Our holiday cottage is at the edge of the village's main road. The road has trucks and buses as well as cars during the day and evening. The road is literally one metre from the front door of the house. We do not hide this fact from people booking. It is noted in the cottage description and there are photo's showing the road by the front door on the booking page. In fact we offer a lower rental fee than the facilities of the cottage would normally attract in the village because of the road. However we still get comments from some people who are blinded by the word "cottage" when they book the place. Possibly they visualize a thatched cottage with a front garden of roses just off a village square with a stream and duck pond. Wirksworth is an old mining town/village with a history going back to medieval/Roman times. The road has always been busy.
However we believe the customer is always right, and within reasonable spend limits, we are doing something to reduce the noise level within the cottage. We have to be mindful of getting some return on our investment, so it is a matter of balance of customer expectations and the cost of remedial action. The front windows are already double glazed, but a lot of the noise floods in through the front door which is of a half glazed (single layer windows) wooden construction.
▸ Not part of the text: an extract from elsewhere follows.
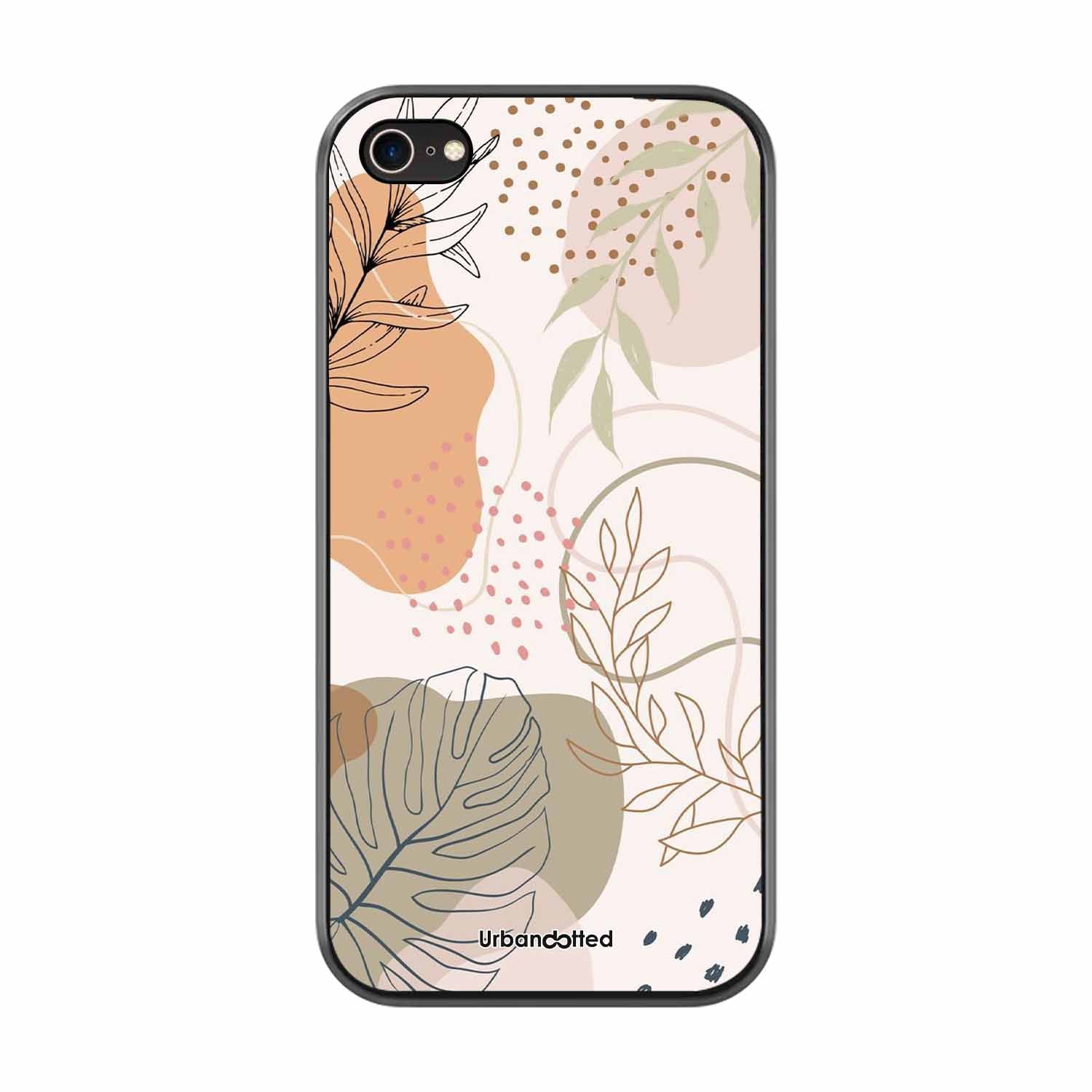 Minimalist Leaf Pattern Glass Case For iPhone 7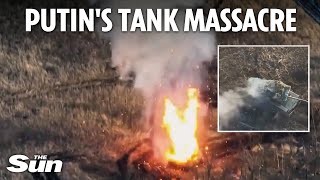 New battlefield footage shows entire column of 11 Russian tanks obliterated by Ukrainian drones [upl. by Nefets]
The cottage is a conservation area and the local authority has a history of being picky about changes to the outward appearance of the property, such as changing the front door.
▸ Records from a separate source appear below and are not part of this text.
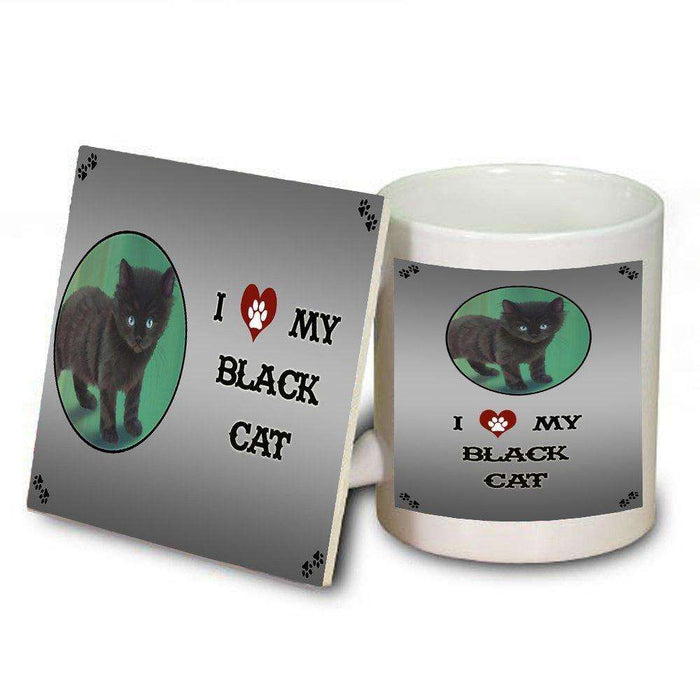 I Love My Black Kitten Cat Mug and Coaster Set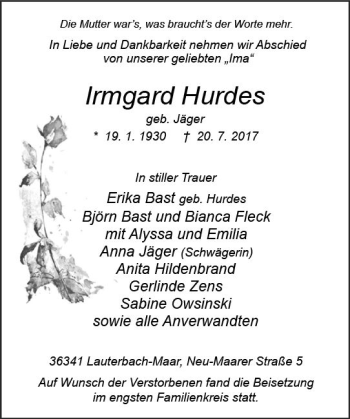Traueranzeige von Irmgard Hurdes von VRM Trauer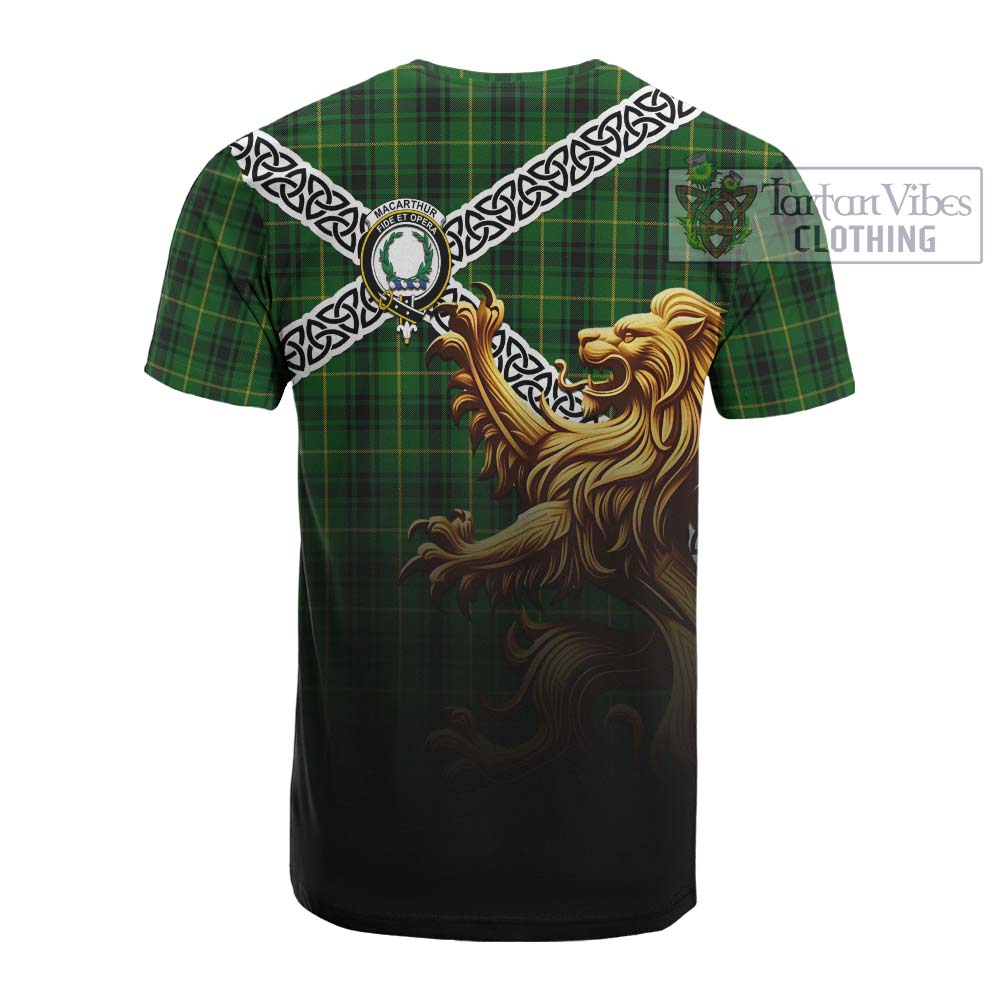 Tartan Vibes Clothing MacArthur (McArthur) Crest Tartan Cotton T-shirt with Golden Lion Emblem Celtic Style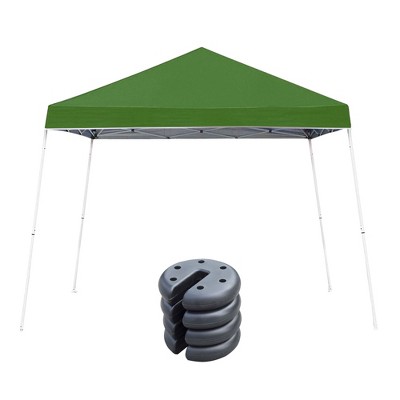 Z Shade 10x10 Foot Angled Leg Instant Shade Canopy Tent Portable Shelter, Green & Durable Plastic 5 Pound Canopy Tent Leg Weight Plates, Set of 4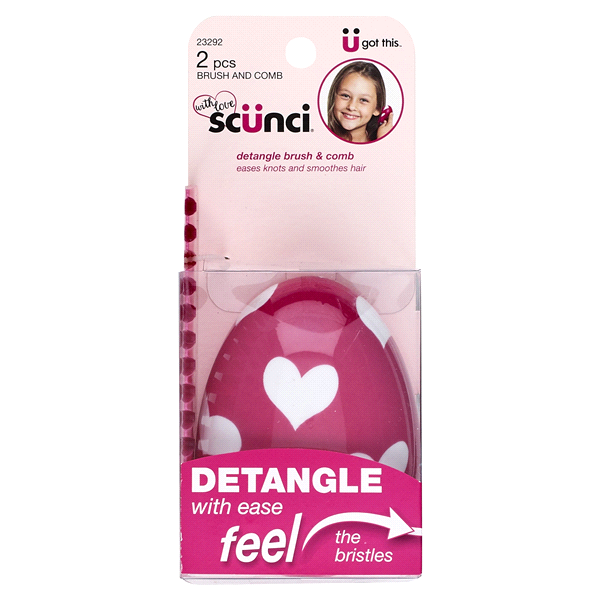 slide 1 of 1, scünci Heart Shape Detangle Brush, 2 ct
We're going to install a secondary front door and lobby within the lounge. The room is not massive so we'll keep the lobby quite small to reduce the amount of space this takes. When guests are inside the house they'll be able to close the inner door to cut down the sound coming through the existing front door. It won't be possible to open the front door without first opening the inner door.
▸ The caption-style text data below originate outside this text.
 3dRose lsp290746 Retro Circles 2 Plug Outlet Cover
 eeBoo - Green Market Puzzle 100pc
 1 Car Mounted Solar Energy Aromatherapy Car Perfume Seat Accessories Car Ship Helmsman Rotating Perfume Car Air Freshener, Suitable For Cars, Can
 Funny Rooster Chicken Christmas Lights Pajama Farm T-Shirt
The new lobby frame will have double glazed clear poly-carbonate panels and the new door is also fully glazed (safety glass). I'm building the frame and double glazing of the lobby in my workshop, the door itself is purchased pre-glazed. It is a heavy oak door weighing 35 kilograms including glazing, so I'm making the lobby frame quite sturdy.
The next step will be to triple glaze the front lounge and bedroom windows using poly-carbonate windows. It is possible to install acoustic glazing using specialist glass to reduce the sound coming through the windows, but that may require planning permission for the new frames. It would be a much greater cost.